L’AZIENDA nasce da un’idea dello stesso Ferrari, dopo la fine dell’esperienza in «Mach3 Marketing» (a Bergamo). L’idea di fondo è chiara:«Specializzazione – spiega Ferrari -: io sapevo di poter fare consulenze di marketing e sono entrato in uno specifico aspetto che può valorizzare un’azienda nel modo di stare sul mercato». Gli interventi non riguardano solo semplici concorsi a premi ma anche interventi strategici che richiedono investimenti e cambiamenti di prospettiva. Per una fabbrica trentina di funghi ad esempio è stata suggerita una etichetta multi pagina che ha comportato la reingegnerizzazione della filiera di inscatolamento.

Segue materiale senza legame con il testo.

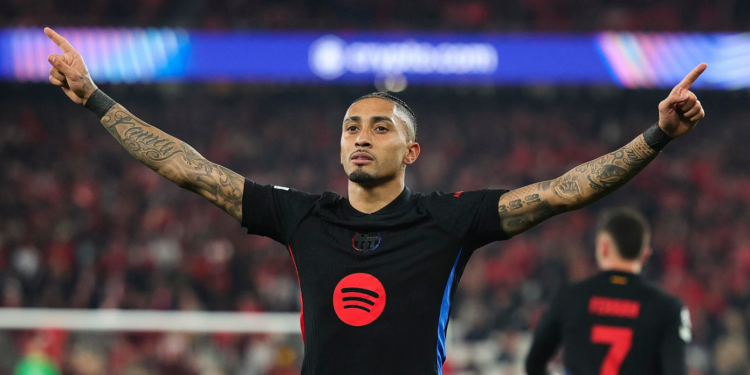 Raphinha hace soñar al Barcelona con los cuartos de final de la Champions League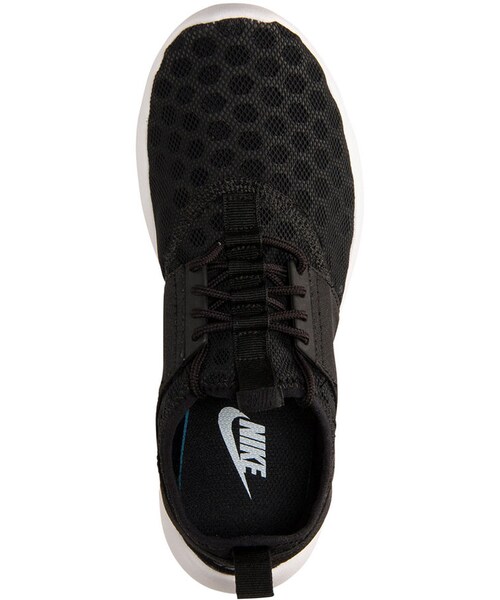 NIKE（ナイキ）の「Nike Women's Juvenate Casual Sneakers from Finish Line（スニーカー・レディース・Black・6/6.5/7/7.5/8/8.5/9/10）」の3枚目の写真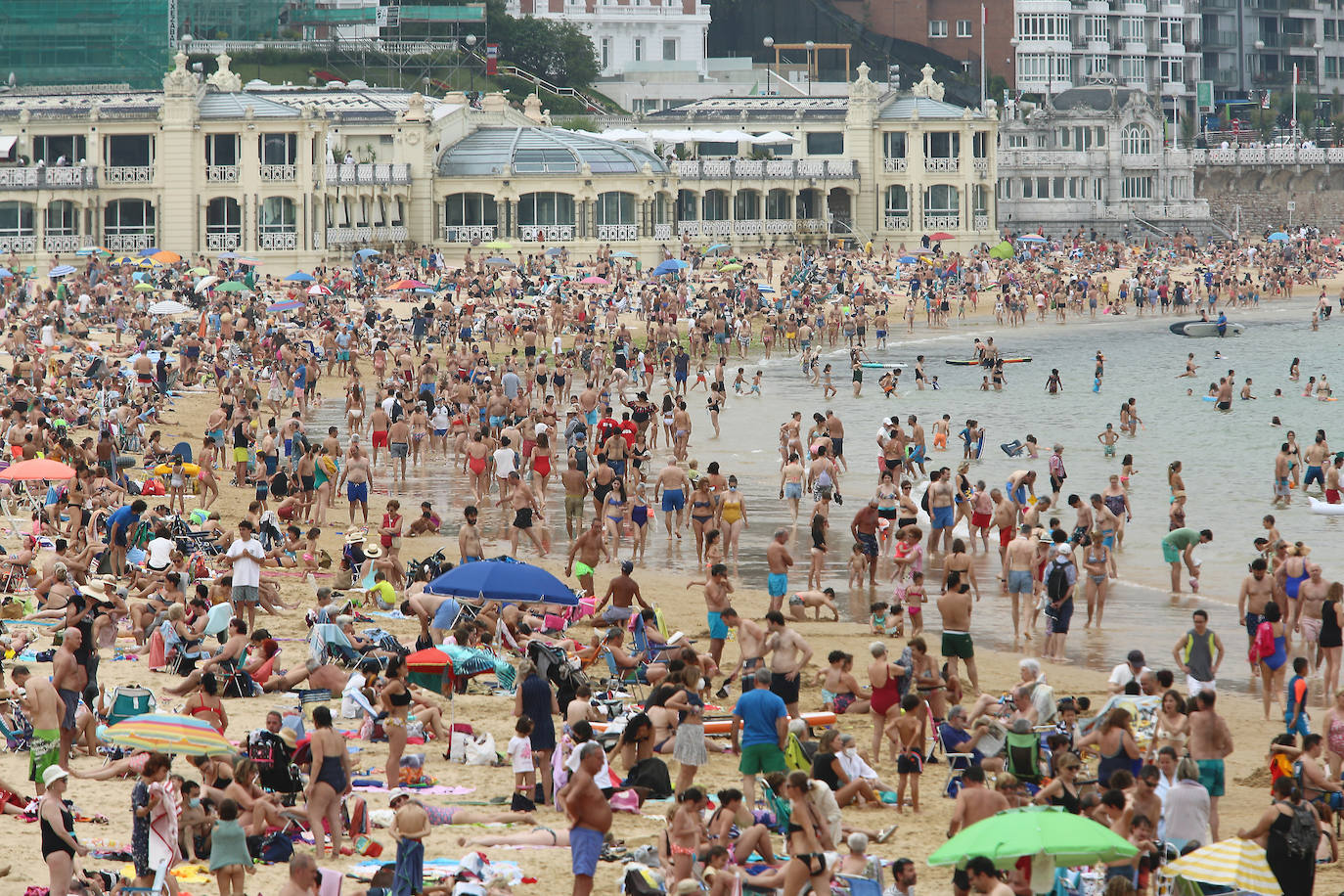 Fotos: Un domingo caluroso y a remojo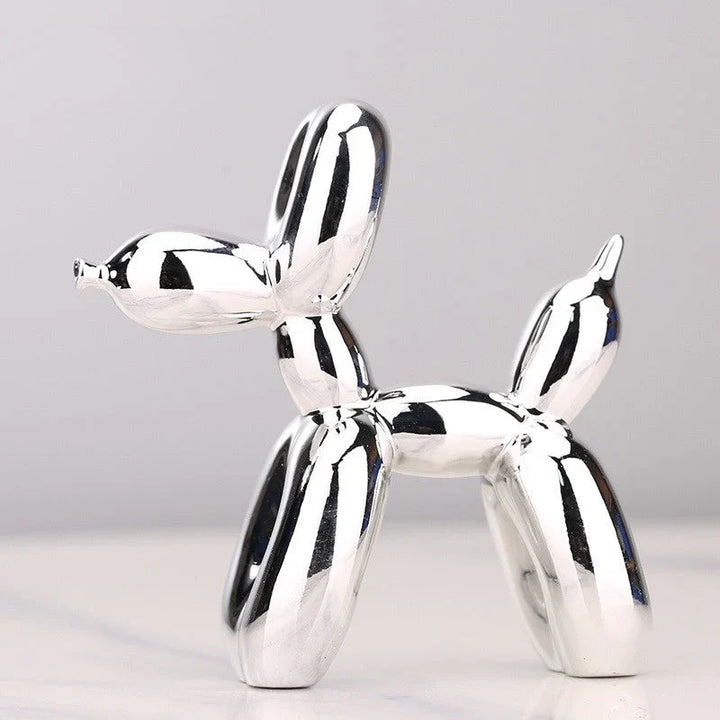 "Handgefertigte Ballontier-Skulptur aus reflektierendem Material als moderne, kunstvolle Dekoration für stilvolle Räume."
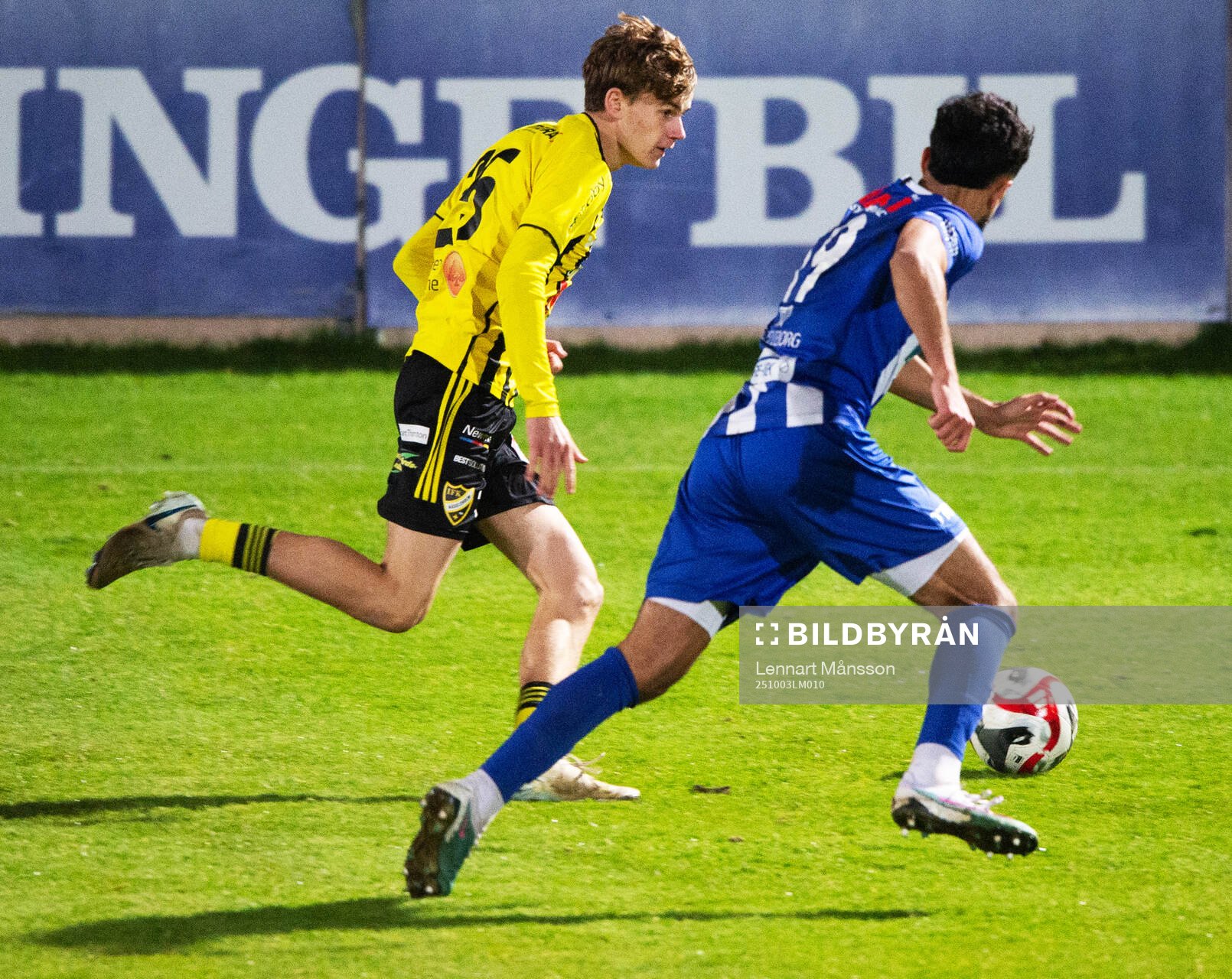 IFK Hässleholms Neo Jakobsson i matchen i division 2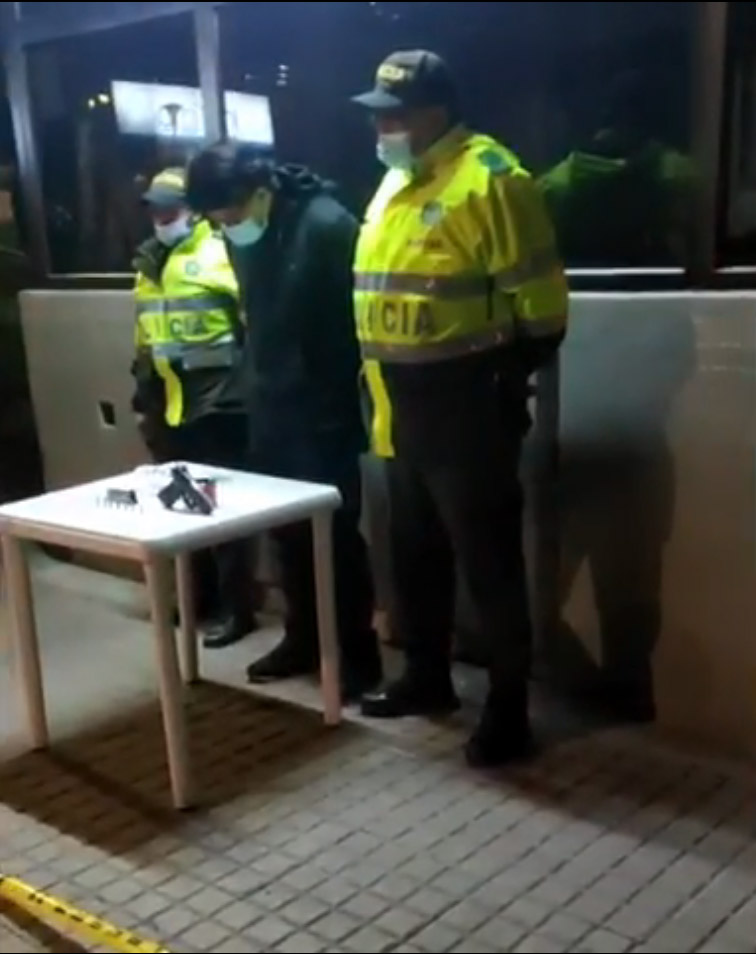 Tras intento de robo cogen a 'rompe vidrios' en Chapinero En las últimas horas la Policía Metropolitana de Bogotá dio a conocer el caso delictivo protagonizada por una banda de 'rompe vidrios', cuyo accionar quedó grabado en una cámara de seguridad de la localidad de Chapinero.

Fra i marchi tante aziende di primo piano come Nike, Panini (quelli delle figurine),Virgin (attiva in Italia nel mondo delle palestre), Puma, Mitsubishi, Hyundai, alcuni istituti di credito come la Bcc del Garda, Banca Carige, Banca Centroveneto ed i centri commerciali.

L’ESPERIENZA è iniziata nel settembre 2007. Il primo anno di attività- con una sessantina di promozioni gestite – è stato il 2008 che ha portato un fatturato di 327 mila euro (33 mila euro di utile),mentre per quest’anno l’azienda – che vanta 5 collaboratori – ha come obiettivo quello di chiudere con un sostanziale raddoppio dei ricavi. Fin qui, peraltro, non è stato necessario chiedere alcun tipo di finanziamento agli istituti di credito. Tra gli obiettivi uno molto particolare. «Il nostro cruccio – spiega Ferrari – è che non abbiamo clienti a Brescia, a parte qualche centro commerciale. Abbiamo come l’impressione che la valorizzazione del prodotto per tante aziende del territorio sia un puro elemento accessorio, fuori dall’orizzonte di chi pianifica e posiziona l’impresa». Un limite alla diffusione che fa da contraltare all’altro più tecnico. «C’è una difficoltà ad organizzare concorsi europei per le differenti regolamentazioni – sottolinea Ferrari -. Ad esempio sul web la legislazione protettiva a difesa dei consumatori ci impone alcune scelte localistiche indotte. Un esempio? «Quando si fa un concorso bisogna garantire la copertura al 100% del montepremi, una forma di assicurazione totale nei confronti dei partecipanti».